句集「あの時この時」黒木千草句集
拝受。
日常生活が珠玉の言葉の俳句として記録されている。
この句集をみて、日常生活を詠むということの重みが感じられた。
吟行を句にするのと違って日々、経験している生活感を言葉にするということで簡単な様に思われがちだが実に難しいことなんだと思いました。
作者は、童子で25年間俳句を作って来られたということ。
その25年間の俳句生活は、同時に四半世紀に渡る暮らしの記録であった。
特に母の死、父の死が記録されている。誰しも経験する人生の通過儀礼として、他人の目からみれば、簡単に言われてしまいがちだが、本人にとっては非常に重たいということは、私自身も母親の急逝により経験した。
正月をはづしわが母逝かれけり
私の母も昨年の大晦日近い時期に亡くなったが、作者の場合は、三が日を明けてからの母君のご逝去だったのでしょう。
寒晴や母の匂ひの消えゆける
父一人残して帰るちちろかな
これも私の経験したことに重なってくる。母親が先になくなったのも同じ。「母の匂ひ」というのは、子にしか判らない暖かみのある独特の匂ひであり、それは、母親が骸になっても、母親の傍にいる時は感じられるが、火葬にされて昇天されれば、その匂ひや雰囲気は薄れていってしまうものだと感じた。
父から電話一分冬麗
母親を亡くした冬の季節に父から安寧を知らせる電話が入った。

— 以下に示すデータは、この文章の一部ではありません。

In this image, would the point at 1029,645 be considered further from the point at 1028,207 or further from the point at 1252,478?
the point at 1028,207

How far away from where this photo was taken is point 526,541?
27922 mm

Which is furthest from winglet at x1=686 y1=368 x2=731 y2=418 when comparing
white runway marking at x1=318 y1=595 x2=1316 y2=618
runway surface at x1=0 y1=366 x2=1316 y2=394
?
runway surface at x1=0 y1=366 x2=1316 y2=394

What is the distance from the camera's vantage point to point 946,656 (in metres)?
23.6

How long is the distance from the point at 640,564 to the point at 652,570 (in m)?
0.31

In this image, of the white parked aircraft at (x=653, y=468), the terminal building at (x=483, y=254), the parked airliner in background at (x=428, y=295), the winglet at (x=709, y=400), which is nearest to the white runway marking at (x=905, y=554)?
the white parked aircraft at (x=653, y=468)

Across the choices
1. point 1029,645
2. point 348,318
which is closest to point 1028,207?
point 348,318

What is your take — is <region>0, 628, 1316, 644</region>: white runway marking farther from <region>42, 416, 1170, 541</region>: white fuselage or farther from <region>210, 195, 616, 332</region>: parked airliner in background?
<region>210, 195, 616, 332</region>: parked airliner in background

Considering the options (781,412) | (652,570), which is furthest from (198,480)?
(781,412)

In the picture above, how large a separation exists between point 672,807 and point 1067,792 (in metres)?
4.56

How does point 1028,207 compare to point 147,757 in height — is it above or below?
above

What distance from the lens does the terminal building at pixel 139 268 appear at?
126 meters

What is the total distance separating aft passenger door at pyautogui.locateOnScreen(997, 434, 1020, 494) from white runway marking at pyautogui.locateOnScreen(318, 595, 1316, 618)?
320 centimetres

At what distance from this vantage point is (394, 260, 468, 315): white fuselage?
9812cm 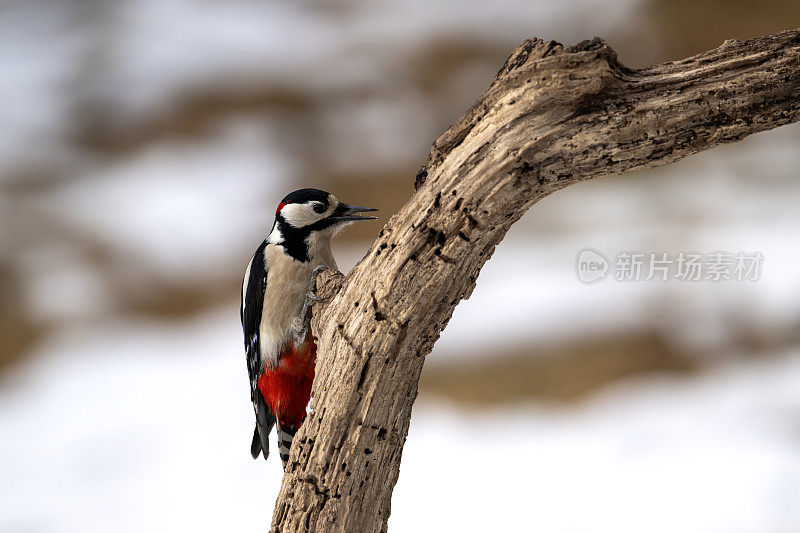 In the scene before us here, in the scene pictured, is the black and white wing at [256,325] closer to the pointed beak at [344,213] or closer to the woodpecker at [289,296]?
the woodpecker at [289,296]

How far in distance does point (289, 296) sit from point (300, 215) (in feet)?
0.57

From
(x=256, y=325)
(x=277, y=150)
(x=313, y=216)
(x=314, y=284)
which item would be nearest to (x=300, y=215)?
(x=313, y=216)

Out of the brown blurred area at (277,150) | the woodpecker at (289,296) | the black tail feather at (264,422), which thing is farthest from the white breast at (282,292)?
the brown blurred area at (277,150)

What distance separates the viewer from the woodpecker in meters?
1.46

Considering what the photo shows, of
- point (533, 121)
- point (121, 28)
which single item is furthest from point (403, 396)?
point (121, 28)

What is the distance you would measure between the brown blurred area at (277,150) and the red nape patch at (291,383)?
1.55m

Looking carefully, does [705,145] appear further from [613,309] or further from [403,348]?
[613,309]

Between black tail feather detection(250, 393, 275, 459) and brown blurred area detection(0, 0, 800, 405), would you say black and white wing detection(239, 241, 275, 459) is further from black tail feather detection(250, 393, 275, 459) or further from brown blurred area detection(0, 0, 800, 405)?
brown blurred area detection(0, 0, 800, 405)

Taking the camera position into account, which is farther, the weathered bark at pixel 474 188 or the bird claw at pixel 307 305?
the bird claw at pixel 307 305

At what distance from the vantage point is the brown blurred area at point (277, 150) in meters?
2.93

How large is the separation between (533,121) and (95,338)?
2.54 m

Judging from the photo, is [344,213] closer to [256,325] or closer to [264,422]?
[256,325]

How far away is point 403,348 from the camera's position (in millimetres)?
1161

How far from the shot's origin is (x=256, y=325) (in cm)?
154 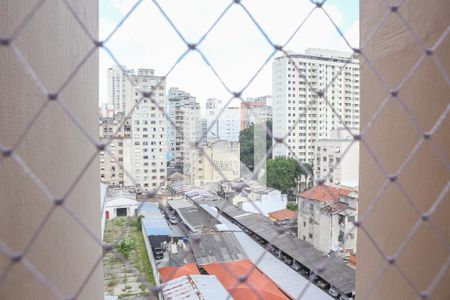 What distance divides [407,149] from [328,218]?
415 cm

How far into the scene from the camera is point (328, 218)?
4.64 meters

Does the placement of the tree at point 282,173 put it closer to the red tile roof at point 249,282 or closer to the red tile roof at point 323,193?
the red tile roof at point 323,193

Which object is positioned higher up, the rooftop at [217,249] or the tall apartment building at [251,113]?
the tall apartment building at [251,113]

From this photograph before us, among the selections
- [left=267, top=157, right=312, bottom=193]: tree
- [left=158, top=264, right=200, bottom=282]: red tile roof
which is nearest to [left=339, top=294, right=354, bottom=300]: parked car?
[left=158, top=264, right=200, bottom=282]: red tile roof

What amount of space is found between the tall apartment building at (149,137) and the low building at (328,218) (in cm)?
205

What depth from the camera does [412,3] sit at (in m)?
0.70

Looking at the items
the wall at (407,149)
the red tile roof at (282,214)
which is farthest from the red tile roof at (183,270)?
the wall at (407,149)

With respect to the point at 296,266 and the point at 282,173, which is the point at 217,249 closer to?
the point at 296,266

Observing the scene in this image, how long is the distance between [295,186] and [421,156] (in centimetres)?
694

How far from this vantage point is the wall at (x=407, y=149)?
0.64 metres

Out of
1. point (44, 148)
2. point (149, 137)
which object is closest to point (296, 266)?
point (149, 137)

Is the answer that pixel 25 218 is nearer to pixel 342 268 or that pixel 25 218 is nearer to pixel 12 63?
pixel 12 63

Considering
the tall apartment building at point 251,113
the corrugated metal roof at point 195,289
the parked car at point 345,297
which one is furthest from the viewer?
the parked car at point 345,297

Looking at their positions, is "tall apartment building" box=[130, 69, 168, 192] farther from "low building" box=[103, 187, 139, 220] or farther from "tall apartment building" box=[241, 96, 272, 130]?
"low building" box=[103, 187, 139, 220] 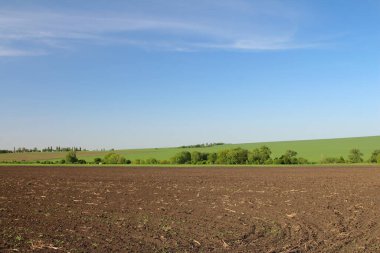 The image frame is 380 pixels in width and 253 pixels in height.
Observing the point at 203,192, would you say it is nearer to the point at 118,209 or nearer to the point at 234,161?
the point at 118,209

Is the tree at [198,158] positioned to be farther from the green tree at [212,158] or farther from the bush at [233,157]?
the bush at [233,157]

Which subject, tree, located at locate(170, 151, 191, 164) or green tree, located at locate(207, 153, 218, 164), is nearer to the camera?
green tree, located at locate(207, 153, 218, 164)

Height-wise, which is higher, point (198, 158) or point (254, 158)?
point (198, 158)

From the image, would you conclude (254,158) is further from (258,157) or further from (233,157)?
(233,157)

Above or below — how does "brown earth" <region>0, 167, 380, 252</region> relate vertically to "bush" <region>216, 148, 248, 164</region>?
below

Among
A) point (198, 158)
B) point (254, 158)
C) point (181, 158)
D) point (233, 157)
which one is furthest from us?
point (181, 158)

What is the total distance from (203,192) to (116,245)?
592 inches

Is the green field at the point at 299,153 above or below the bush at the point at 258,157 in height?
above

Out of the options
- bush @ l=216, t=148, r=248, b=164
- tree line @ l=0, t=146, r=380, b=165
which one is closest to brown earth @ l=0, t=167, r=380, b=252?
tree line @ l=0, t=146, r=380, b=165

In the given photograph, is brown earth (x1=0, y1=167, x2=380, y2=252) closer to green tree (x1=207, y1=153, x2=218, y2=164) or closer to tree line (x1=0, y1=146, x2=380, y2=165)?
tree line (x1=0, y1=146, x2=380, y2=165)

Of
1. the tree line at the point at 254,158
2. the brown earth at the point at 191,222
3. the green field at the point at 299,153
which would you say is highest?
the green field at the point at 299,153

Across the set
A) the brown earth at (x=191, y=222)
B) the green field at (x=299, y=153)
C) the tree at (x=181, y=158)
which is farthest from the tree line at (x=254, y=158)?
the brown earth at (x=191, y=222)

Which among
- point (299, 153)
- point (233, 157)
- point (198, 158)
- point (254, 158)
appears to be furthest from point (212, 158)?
point (299, 153)

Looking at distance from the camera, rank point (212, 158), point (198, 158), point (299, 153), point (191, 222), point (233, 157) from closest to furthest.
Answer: point (191, 222), point (233, 157), point (212, 158), point (198, 158), point (299, 153) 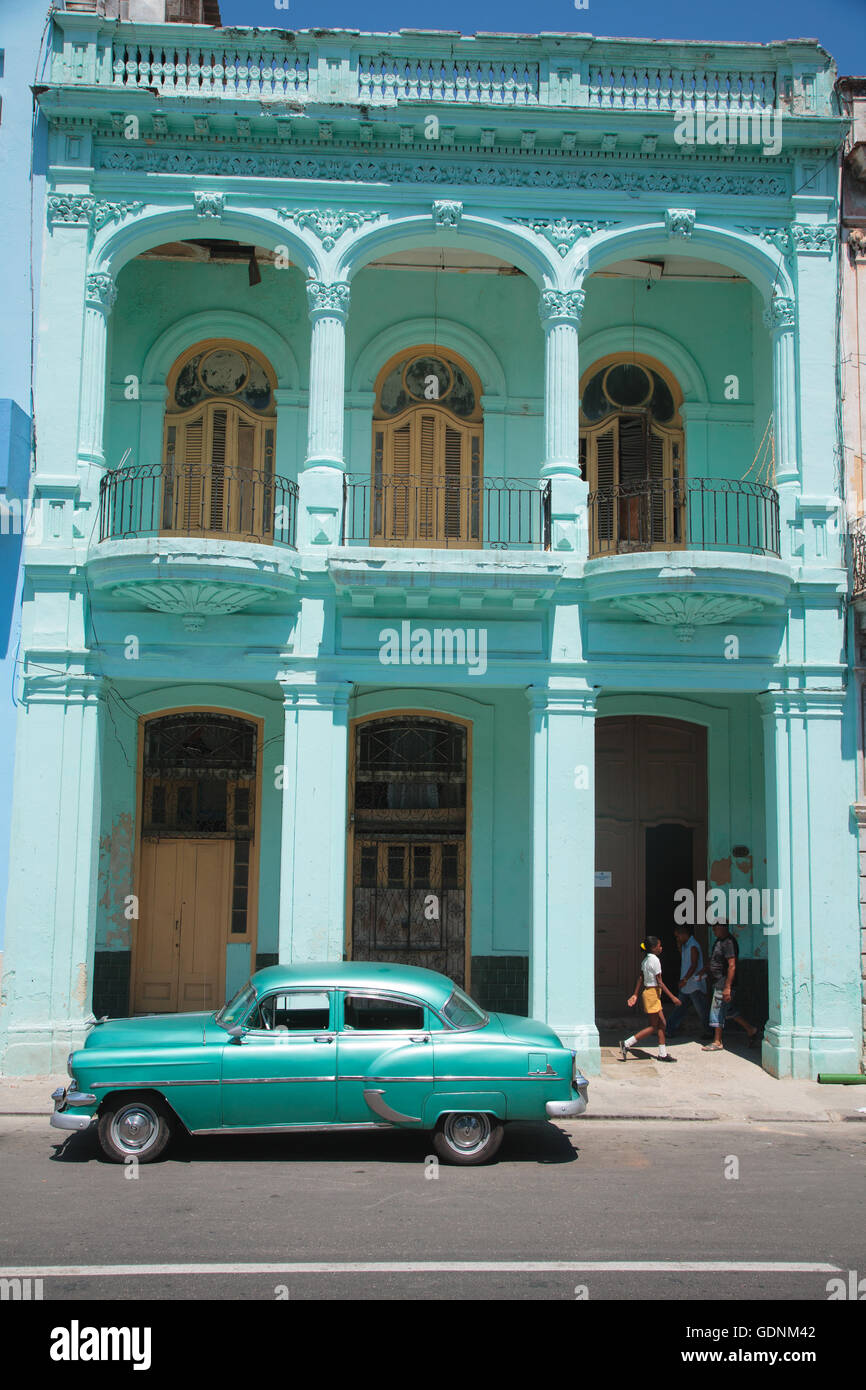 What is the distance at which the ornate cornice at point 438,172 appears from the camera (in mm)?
12875

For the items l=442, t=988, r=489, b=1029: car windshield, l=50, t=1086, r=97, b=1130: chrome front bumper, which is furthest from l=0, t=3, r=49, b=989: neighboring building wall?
l=442, t=988, r=489, b=1029: car windshield

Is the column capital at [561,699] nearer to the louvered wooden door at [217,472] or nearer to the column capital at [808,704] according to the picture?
the column capital at [808,704]

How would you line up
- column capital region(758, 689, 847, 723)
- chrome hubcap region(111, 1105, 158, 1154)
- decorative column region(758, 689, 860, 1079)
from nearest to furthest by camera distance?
chrome hubcap region(111, 1105, 158, 1154)
decorative column region(758, 689, 860, 1079)
column capital region(758, 689, 847, 723)

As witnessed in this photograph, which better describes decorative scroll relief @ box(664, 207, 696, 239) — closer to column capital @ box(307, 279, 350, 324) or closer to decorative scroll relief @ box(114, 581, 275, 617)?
column capital @ box(307, 279, 350, 324)

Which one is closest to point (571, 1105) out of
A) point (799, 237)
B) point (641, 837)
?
point (641, 837)

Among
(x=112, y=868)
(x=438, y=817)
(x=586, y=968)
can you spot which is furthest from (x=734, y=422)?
(x=112, y=868)

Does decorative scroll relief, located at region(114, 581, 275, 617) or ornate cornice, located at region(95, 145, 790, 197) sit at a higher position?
ornate cornice, located at region(95, 145, 790, 197)

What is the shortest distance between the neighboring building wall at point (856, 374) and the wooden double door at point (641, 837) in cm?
284

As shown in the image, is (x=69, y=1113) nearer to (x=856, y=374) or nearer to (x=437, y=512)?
(x=437, y=512)

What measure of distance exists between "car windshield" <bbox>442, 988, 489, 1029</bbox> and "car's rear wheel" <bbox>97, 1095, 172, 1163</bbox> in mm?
2325

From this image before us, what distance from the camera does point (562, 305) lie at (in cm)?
1289

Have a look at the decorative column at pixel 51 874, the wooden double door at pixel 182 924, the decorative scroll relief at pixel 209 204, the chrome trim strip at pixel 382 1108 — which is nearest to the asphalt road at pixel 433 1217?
the chrome trim strip at pixel 382 1108

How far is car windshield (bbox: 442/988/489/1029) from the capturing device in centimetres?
888

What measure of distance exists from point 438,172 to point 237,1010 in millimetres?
9660
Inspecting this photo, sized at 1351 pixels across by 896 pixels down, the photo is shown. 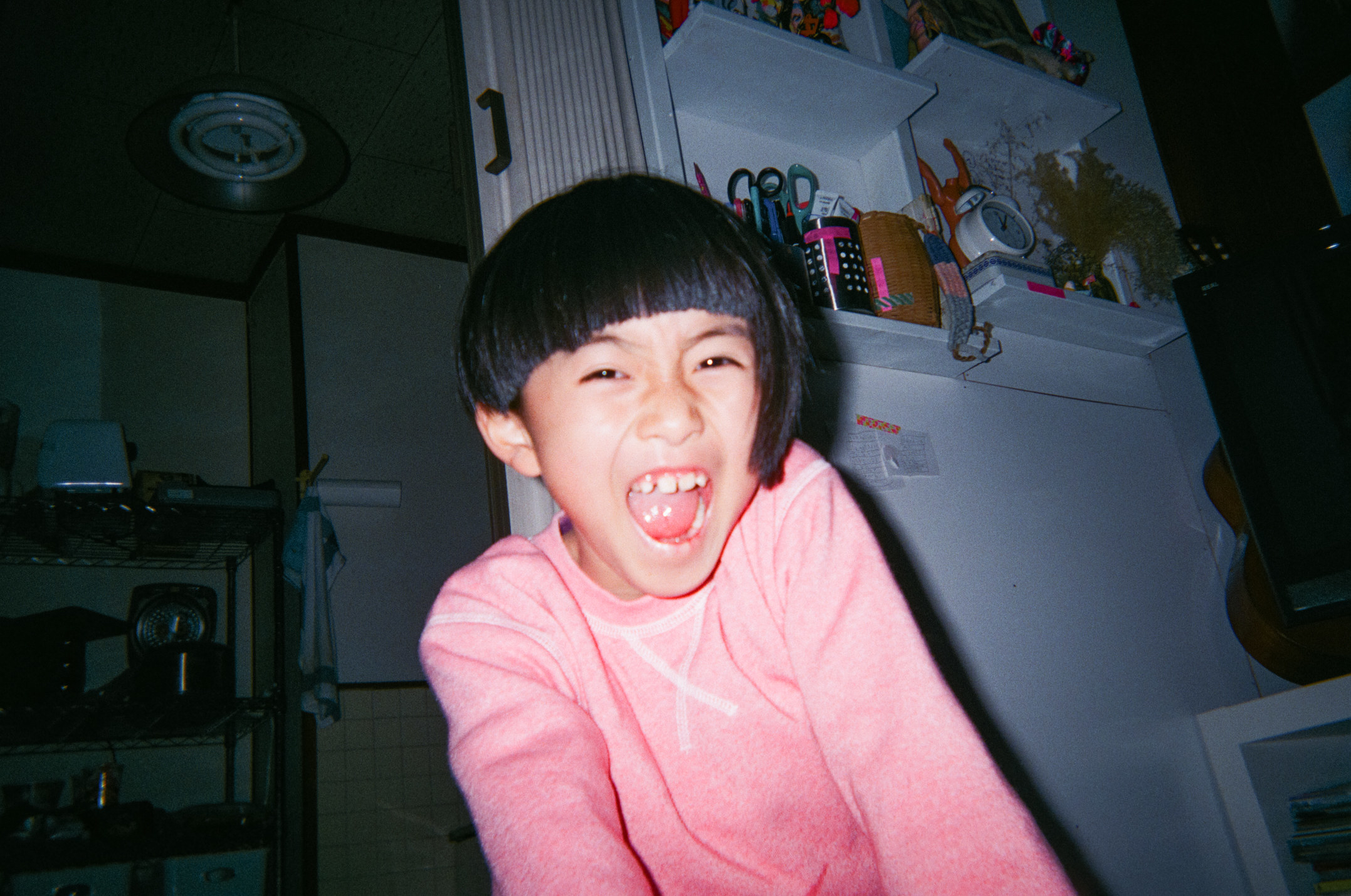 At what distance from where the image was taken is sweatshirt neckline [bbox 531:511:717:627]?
0.81 m

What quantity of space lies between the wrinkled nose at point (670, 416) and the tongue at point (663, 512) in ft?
Result: 0.18

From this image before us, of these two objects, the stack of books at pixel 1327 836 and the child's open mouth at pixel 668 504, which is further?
the stack of books at pixel 1327 836

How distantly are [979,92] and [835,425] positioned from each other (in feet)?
3.02

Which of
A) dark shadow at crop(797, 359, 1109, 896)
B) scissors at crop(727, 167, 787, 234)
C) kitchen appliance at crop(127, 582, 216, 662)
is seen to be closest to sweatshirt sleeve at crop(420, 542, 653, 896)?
dark shadow at crop(797, 359, 1109, 896)

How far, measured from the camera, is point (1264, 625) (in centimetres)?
171

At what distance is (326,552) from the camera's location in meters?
2.83

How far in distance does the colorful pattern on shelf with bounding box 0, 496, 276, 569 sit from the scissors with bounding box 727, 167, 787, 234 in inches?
80.0

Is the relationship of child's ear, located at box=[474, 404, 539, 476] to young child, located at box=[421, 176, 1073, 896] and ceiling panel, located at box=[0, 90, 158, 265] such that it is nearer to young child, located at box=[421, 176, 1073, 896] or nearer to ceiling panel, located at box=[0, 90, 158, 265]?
young child, located at box=[421, 176, 1073, 896]

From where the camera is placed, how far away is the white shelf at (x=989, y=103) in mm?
1660

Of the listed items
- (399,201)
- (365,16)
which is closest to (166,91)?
(365,16)

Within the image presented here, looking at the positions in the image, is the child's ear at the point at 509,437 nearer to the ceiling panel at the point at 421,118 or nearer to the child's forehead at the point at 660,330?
the child's forehead at the point at 660,330

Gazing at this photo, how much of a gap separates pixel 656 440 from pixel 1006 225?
1.24 metres

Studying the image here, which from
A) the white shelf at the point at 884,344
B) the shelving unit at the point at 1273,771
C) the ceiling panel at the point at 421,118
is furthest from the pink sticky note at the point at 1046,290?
the ceiling panel at the point at 421,118

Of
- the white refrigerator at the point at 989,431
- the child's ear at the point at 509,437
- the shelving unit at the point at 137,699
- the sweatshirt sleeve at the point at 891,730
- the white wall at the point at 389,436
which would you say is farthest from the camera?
the white wall at the point at 389,436
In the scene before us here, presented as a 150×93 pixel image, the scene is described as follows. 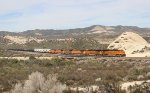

たった1分の電話だけれど、それだけで嬉しいものだと感じたのだろう。
はじまれる父の介護や八月尽
秋入日父の不在を実感し
父親も介護生活に入ったのでしょう。施設に泊まってがらんとした部屋の中に居る作者の姿がみえてきます。
冬の夜や危篤の父と二人にて
返事せぬ父に語りて松明ける
相続はこれで完了春北風
とうとうお父様も亡くなられた寂しさが浮かんでくる。
両親はもう居らずして盆の家
入学子再挑戦を言ひ出せる
寒明や山羊当番の娘を送り
両親を見送った心境の句も句集に載せられており、やがて、私も父もなくし、1人ぼっちになるが、そういった未来の状況をみるような気持ちで、句集を読み進む。やはり、親を失った哀しみとは、決別しがたいものがあるが、夫婦子供と五人の家族の暮らしが未来に向けて続いていくそういった希望というのもこの句集を読んで感じられた。
私は、父母を亡くすと信州の弟以外には身寄りはおらず、天涯孤独に近い状態。父親は、目の手術で入院する。刻々と時が過ぎていくのを感じて、この句集を閉じたのだった。